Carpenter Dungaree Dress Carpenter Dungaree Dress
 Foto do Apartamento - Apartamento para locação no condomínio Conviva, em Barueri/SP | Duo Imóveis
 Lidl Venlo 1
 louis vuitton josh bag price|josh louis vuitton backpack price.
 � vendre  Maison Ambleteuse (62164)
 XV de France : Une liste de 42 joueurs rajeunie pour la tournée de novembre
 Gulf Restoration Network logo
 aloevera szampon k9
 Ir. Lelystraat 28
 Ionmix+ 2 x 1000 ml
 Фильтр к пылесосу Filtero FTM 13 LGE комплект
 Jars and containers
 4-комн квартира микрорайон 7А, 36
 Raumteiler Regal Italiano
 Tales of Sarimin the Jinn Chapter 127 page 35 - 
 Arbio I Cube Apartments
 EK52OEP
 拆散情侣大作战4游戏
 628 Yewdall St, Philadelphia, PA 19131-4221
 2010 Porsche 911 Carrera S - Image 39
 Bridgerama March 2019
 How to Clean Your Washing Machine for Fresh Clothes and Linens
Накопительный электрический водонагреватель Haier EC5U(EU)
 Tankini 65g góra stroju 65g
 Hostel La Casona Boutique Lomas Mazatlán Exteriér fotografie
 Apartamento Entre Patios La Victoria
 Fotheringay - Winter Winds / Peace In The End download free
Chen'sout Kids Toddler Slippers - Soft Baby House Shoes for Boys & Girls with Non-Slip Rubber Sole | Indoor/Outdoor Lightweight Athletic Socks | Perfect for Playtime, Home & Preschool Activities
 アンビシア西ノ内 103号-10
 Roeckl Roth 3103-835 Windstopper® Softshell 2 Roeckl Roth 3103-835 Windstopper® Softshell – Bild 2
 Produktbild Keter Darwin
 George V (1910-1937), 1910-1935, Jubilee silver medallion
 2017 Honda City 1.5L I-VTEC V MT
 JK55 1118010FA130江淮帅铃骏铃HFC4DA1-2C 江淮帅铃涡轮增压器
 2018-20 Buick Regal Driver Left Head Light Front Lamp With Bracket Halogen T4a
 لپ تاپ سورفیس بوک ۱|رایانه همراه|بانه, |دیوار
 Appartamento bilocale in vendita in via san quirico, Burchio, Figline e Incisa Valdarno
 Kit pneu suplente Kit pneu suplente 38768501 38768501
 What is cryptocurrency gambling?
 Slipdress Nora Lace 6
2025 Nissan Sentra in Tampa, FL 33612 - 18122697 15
● ● ● ● ● ● ●
» **TASK STATEMENT**
In the listing above, find the line with "Roeckl Roth 3103-835 Windstopper® Softshell 2" and the line with "Kit pneu suplente Kit"; output exactly those lines and all lines between them.

» **THE COMPLETED TASK**
 Roeckl Roth 3103-835 Windstopper® Softshell 2 Roeckl Roth 3103-835 Windstopper® Softshell – Bild 2
 Produktbild Keter Darwin
 George V (1910-1937), 1910-1935, Jubilee silver medallion
 2017 Honda City 1.5L I-VTEC V MT
 JK55 1118010FA130江淮帅铃骏铃HFC4DA1-2C 江淮帅铃涡轮增压器
 2018-20 Buick Regal Driver Left Head Light Front Lamp With Bracket Halogen T4a
 لپ تاپ سورفیس بوک ۱|رایانه همراه|بانه, |دیوار
 Appartamento bilocale in vendita in via san quirico, Burchio, Figline e Incisa Valdarno
 Kit pneu suplente Kit pneu suplente 38768501 38768501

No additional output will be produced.